Under her leadership, the New York Asian Women’s Center (NYAWC) recently opened its second outreach center in a New York neighborhood populated by many Asian new arrivals, offering services to survivors of trafficking and domestic violence and other gender-based crimes. The center’s two locations, the other also in a neighborhood where many Asians settle down in, offer such innovative programs as trauma-centered yoga, mentoring for child witnesses to family violence and immigration legal services, as well as walk-in assessment, English language tutoring, job counseling, emergency shelter housing and public benefits.

Elizaga has served as board chair for the NYAWC since June 2013 and as a board member since 2007. With Elizaga at the helm fundraising, NYAWC has broken annual gala records steadily since 2007 and is particularly proud of the organization’s increased attention to protecting victims of human trafficking.

Elizaga grew up in Honolulu and has traveled all over the world. She graduated law school at the American University Washington College of Law in 1996. After an unsatisfying career as a lawyer, she decided to change her trajectory.

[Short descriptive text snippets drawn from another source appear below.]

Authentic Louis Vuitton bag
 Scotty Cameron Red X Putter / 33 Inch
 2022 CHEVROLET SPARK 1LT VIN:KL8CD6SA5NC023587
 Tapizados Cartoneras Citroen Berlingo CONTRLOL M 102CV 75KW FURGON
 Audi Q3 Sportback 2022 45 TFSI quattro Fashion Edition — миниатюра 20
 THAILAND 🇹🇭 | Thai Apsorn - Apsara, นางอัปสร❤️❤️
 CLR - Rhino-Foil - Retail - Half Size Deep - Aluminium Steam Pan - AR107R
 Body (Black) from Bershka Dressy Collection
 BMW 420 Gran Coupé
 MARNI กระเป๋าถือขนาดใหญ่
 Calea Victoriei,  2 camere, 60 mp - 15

In 2004, at the age of 33, she founded Forward Options, a personal and executive coaching firm. Earning a Certificate in Organizational and Executive Coaching from New York University, and authoring the 2014 book "Find Your Sweet Spot," she is passionate about inspiring young women to make the most out of their personal and professional lives.

"My favorite exercise with clients is getting them to think of a person they love, somebody they would do anything for to see them succeed and to try and turn that feeling back around on themselves and embrace a form of self-love," Elizaga said. "Confidence and self-esteem are crucial in achieving success in both the personal and professional life."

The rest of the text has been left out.